I don’t think I can go back to being what I was before Katti Batti
The current live wire of the big screen is back in another quirky romantic tale, Katti Batti. She’s the versatile Kangana Ranaut who continues to wow audiences with her riveting choice of roles. In a candid chat, the award-winning actress talks about her character in Nikhil Advani’s directorial venture and what her fans should expect from her forthcoming film.
What made you say yes to Katti Batti?
It is a very complex role. The film begins with the guy having already lost the love of his life and a series of events unfold, which give you a glimpse of his life and the girl. I remember Imran (Khan) had initially said that he was very intimidated by the role ‘coz usually there’s only one graph for a woman in our films, but in Katti Batti every piece is like a mini film. There were so many different graphs throughout the film for my character.
Having done a range of powerful roles, do you always seek characters that are as unique or similar to previous roles?
As a performer my aim with every film is that it should be better than my previous performances, even if it is a few steps. With Katti Batti I think I have achieved it.
It was believed that you are only interested in doing women-centric films, but Katti Batti is about you and Imran Khan.

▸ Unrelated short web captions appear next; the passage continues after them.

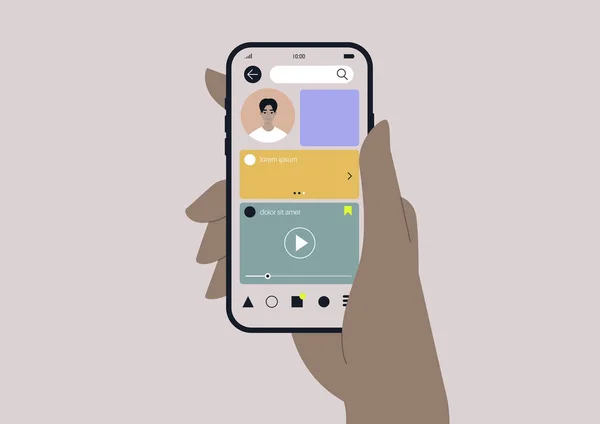 Ett Gränssnitt För Sociala Medier App Ung Manlig Asiatisk Användare — Stock vektor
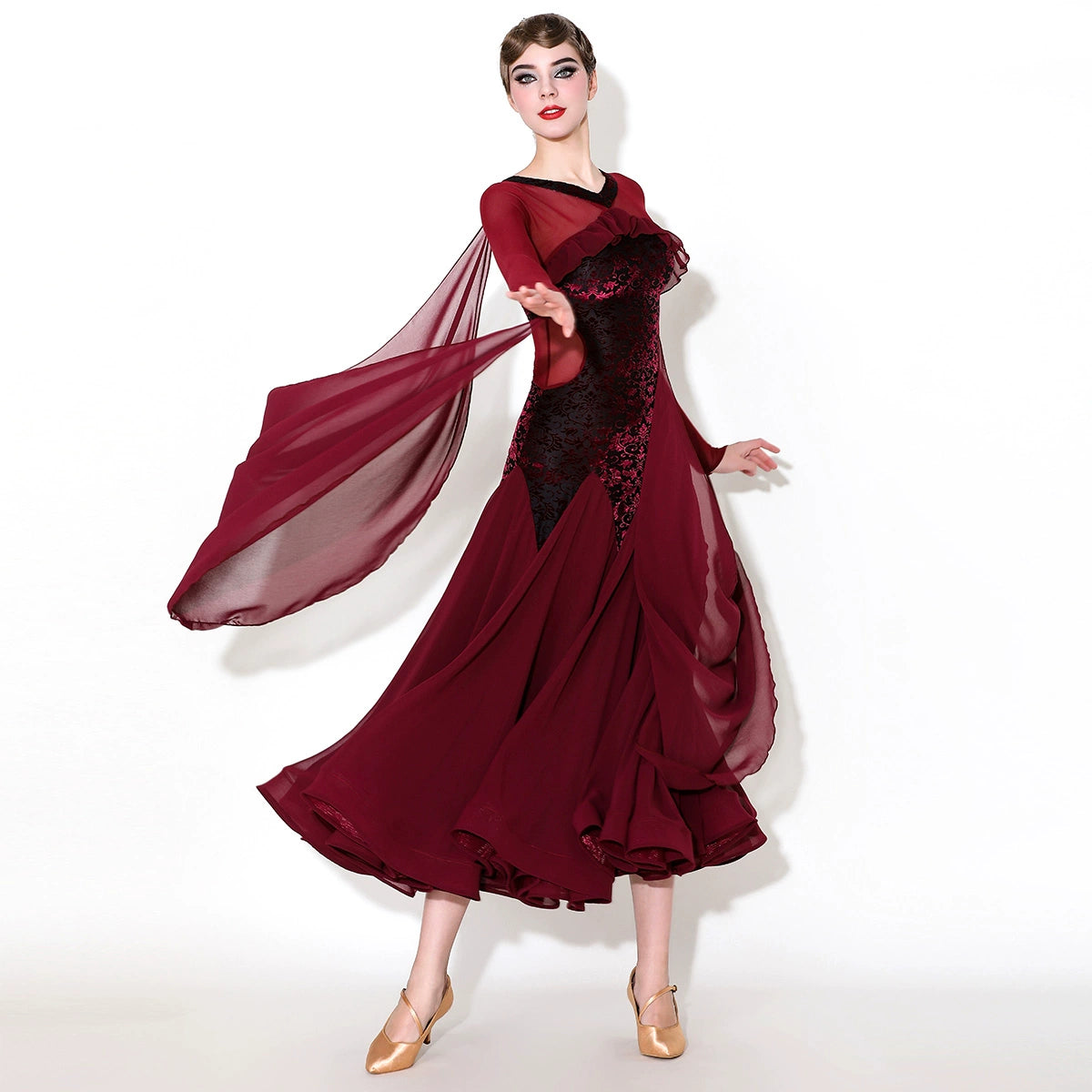 Wine Dark Green Ballroom Dance Dresses for Women Girls Float Sleeves Waltz Tango Foxtrot Smooth Dance Long Gown - Moderndancedress.com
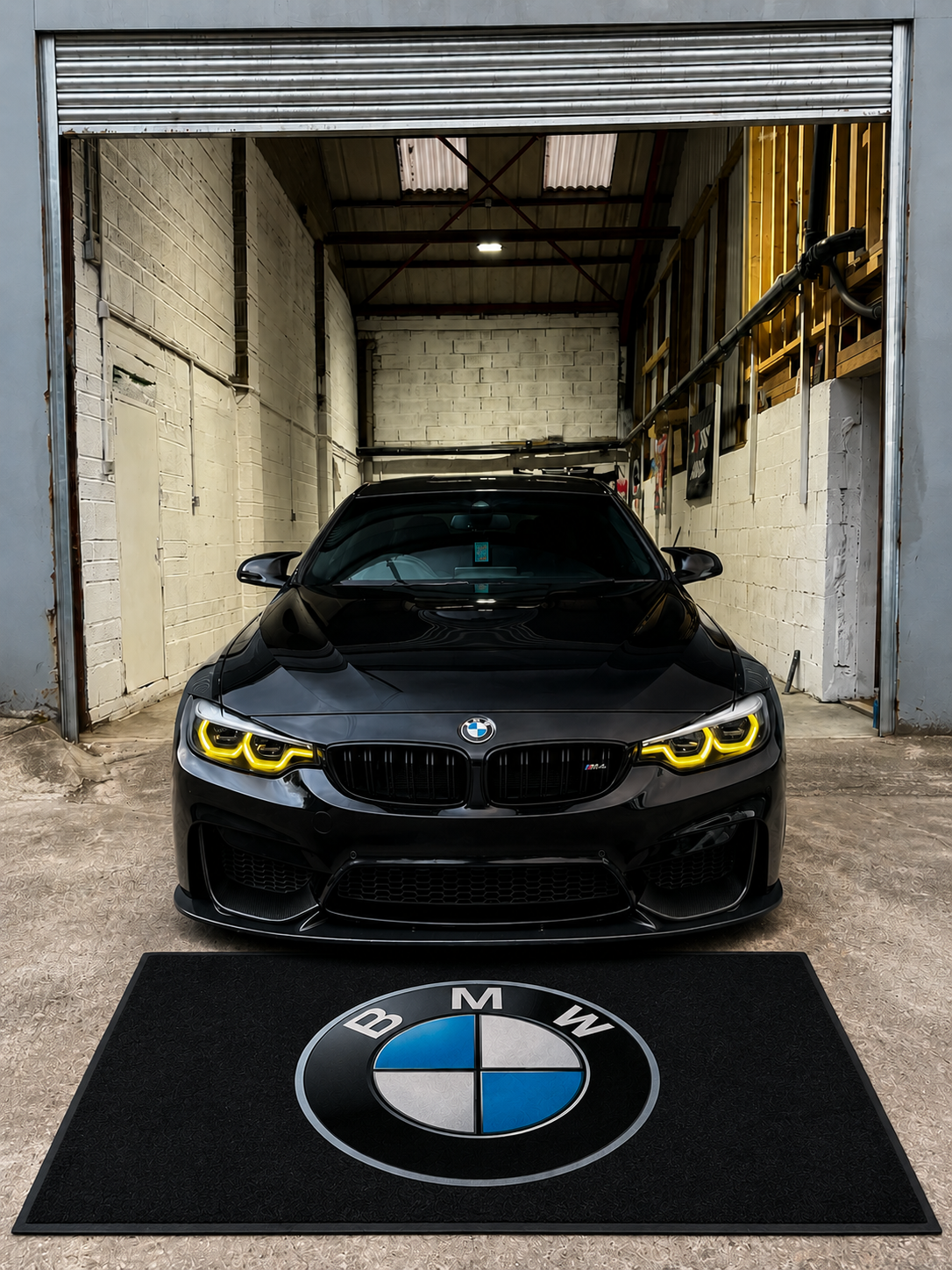 BMW Garage Floor Mat 5x7 FT (60x87 Inches) Premium Showroom Rug & Wall Decor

Comment.
My understanding of films had become limited as I wanted to do only female-centric films. In fact I was reluctant to hear the narration for this film till Salman (Khan) called me and said that I should hear the script as it’s a very good role. Immediately, after the narration I said yes to the film. I think seeing films as female or non-female centric portrays a limited vision, so I decided to be open to all kinds of films rather than restrict myself.
Given that most of your roles are so emotionally strong, do they take a toll on you at a personal level?
All the time. I got deeply involved with my character Payal in Katti Batti; it is the most tragic character I have played so far. I remember being so affected by it that I was crying all the time, lost my appetite and so on. My mother visited me during the shooting and told me that I shouldn’t do such characters and movies at a young age. She feels that I will become mentally messed-up. I guess that’s why actors are so messed-up ‘coz they are constantly playing with their mind. It is the most dangerous organ to play with.
I will never do anything like Payal’s character again. I am not a strong enough person. I don’t think I can go back to being what I was before Katti Batti. Such roles definitely make you sensitive to certain aspects of life that you didn’t even consider, and life becomes a lot more difficult as one can never go back to being who they were.
Would you say you have a natural attraction for complex characters?
I think all characters are complex. As individuals, there is no one who isn’t complex because all of us are layered. The characters that are not complex are badly written. Obviously, I prefer the ones that are detailed and have layers.
How do you unwind to get over the emotional stress?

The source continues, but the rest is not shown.